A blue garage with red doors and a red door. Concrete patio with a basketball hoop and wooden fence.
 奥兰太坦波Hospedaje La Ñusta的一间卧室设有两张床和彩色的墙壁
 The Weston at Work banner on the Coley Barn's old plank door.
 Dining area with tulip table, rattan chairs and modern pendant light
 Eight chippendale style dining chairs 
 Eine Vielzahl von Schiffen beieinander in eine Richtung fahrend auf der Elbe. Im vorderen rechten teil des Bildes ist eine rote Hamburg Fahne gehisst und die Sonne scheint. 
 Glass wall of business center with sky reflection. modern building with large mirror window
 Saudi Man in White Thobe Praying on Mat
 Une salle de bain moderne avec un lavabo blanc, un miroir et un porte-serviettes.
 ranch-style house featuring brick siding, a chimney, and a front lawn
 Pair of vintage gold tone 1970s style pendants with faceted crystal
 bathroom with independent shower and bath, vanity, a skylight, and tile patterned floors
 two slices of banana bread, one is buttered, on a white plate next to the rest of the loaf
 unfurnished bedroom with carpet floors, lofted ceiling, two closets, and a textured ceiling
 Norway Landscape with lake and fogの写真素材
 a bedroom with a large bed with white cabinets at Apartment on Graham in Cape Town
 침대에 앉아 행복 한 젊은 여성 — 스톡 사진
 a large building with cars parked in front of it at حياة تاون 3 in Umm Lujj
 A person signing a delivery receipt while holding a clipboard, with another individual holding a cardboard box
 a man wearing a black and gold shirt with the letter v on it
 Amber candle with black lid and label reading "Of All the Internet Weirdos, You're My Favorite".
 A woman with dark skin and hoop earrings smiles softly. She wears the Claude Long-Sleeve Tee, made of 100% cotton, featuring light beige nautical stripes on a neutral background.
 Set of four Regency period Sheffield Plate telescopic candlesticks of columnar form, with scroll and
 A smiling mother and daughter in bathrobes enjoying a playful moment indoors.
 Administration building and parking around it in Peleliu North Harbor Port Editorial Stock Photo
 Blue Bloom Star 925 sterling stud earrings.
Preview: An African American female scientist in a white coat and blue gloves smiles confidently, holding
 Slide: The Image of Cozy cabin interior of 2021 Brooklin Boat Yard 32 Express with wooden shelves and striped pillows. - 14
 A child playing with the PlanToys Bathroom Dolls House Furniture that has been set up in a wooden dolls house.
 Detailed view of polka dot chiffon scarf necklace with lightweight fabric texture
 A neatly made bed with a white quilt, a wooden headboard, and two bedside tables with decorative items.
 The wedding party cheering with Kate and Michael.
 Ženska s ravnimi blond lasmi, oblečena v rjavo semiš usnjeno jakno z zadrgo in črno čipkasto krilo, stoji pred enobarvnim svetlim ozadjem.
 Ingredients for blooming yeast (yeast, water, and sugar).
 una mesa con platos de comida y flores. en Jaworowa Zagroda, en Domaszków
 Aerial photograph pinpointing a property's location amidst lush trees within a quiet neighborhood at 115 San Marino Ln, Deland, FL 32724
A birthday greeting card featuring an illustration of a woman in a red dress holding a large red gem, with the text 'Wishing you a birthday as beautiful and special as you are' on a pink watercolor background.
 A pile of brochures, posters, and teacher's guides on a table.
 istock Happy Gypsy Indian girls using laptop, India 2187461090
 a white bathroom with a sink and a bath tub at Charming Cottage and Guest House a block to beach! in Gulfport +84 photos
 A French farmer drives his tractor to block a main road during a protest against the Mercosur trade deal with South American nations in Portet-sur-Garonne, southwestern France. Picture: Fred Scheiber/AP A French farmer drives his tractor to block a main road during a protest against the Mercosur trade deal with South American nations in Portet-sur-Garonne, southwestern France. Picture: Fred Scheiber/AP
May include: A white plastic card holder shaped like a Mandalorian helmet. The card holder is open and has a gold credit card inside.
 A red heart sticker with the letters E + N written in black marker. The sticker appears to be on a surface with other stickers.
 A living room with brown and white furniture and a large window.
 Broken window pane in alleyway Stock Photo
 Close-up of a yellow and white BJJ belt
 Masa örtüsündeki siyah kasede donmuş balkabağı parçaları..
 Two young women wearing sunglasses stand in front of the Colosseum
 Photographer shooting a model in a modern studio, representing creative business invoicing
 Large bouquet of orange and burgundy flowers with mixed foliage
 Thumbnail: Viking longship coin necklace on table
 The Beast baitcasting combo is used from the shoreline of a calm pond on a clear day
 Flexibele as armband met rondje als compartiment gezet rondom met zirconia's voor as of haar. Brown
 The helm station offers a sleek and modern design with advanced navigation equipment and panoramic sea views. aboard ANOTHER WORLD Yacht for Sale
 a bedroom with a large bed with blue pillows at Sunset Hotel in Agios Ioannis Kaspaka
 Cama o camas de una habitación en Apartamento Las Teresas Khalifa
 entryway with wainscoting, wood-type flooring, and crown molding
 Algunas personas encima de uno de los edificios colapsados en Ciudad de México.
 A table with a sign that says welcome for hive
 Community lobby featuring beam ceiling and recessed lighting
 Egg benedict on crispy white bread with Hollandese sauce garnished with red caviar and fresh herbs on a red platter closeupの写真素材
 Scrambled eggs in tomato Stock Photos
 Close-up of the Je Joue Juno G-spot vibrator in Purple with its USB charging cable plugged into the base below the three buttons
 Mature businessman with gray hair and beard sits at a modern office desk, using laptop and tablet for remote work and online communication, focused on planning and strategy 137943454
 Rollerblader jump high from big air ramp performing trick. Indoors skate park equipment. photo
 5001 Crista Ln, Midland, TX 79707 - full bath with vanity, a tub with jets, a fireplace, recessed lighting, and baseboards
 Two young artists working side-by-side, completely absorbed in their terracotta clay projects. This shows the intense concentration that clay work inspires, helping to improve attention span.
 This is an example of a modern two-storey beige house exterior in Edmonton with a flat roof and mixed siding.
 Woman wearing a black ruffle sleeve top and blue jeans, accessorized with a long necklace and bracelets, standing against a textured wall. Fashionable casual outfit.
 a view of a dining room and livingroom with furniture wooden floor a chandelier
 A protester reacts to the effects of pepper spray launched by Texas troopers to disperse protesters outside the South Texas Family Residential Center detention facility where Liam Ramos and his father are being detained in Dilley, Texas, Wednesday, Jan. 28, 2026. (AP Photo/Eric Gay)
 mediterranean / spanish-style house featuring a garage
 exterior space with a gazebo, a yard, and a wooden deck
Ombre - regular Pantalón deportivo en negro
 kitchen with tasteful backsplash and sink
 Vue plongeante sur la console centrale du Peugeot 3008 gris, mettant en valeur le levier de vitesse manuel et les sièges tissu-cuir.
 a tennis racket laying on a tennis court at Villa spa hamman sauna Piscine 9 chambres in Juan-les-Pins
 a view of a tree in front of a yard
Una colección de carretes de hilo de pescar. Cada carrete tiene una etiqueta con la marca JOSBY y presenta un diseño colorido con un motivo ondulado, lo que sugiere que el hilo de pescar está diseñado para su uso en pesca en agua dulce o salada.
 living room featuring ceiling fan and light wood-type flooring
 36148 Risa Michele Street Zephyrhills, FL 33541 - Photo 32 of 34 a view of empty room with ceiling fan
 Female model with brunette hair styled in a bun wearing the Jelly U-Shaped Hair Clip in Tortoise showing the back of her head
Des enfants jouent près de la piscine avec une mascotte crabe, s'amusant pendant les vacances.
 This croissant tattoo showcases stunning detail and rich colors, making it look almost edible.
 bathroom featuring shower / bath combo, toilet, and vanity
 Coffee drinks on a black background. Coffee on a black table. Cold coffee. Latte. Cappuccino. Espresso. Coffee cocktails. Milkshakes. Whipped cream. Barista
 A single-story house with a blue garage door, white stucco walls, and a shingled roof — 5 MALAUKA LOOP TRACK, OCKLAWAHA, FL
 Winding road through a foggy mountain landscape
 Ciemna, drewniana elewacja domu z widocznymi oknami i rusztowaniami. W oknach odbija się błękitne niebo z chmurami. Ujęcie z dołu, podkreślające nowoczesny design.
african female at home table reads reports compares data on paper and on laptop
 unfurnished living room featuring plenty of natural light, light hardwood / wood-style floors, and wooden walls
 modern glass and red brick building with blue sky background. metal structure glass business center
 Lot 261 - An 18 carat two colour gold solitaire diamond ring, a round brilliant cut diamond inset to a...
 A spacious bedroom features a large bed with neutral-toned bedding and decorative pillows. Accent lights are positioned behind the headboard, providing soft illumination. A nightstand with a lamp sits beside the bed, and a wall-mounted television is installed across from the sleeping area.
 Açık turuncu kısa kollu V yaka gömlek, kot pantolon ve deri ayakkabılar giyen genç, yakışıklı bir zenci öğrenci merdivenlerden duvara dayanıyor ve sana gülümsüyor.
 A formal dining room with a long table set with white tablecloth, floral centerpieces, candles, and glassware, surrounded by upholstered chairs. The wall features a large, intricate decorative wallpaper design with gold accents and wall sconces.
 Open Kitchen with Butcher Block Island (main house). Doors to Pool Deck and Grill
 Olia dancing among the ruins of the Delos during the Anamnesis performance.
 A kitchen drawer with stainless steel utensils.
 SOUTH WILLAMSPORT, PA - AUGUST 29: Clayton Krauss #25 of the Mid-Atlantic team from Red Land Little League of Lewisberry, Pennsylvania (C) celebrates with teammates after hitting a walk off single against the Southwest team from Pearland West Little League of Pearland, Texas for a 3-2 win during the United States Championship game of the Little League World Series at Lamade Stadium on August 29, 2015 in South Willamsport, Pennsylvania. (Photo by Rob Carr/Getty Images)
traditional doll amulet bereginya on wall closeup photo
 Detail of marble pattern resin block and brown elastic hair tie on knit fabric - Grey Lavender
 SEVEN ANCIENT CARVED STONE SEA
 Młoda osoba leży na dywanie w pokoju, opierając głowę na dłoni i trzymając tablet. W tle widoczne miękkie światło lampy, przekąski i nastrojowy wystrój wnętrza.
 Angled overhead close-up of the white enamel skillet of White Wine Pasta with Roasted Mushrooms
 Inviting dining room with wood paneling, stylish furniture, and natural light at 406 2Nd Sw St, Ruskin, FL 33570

+++

What the exercise asks.
Return, with no change at all, every line in the entries above from the line containing "Community lobby featuring" through the line containing "5001 Crista Ln, Midland, TX".

Answer for this exercise.
 Community lobby featuring beam ceiling and recessed lighting
 Egg benedict on crispy white bread with Hollandese sauce garnished with red caviar and fresh herbs on a red platter closeupの写真素材
 Scrambled eggs in tomato Stock Photos
 Close-up of the Je Joue Juno G-spot vibrator in Purple with its USB charging cable plugged into the base below the three buttons
 Mature businessman with gray hair and beard sits at a modern office desk, using laptop and tablet for remote work and online communication, focused on planning and strategy 137943454
 Rollerblader jump high from big air ramp performing trick. Indoors skate park equipment. photo
 5001 Crista Ln, Midland, TX 79707 - full bath with vanity, a tub with jets, a fireplace, recessed lighting, and baseboards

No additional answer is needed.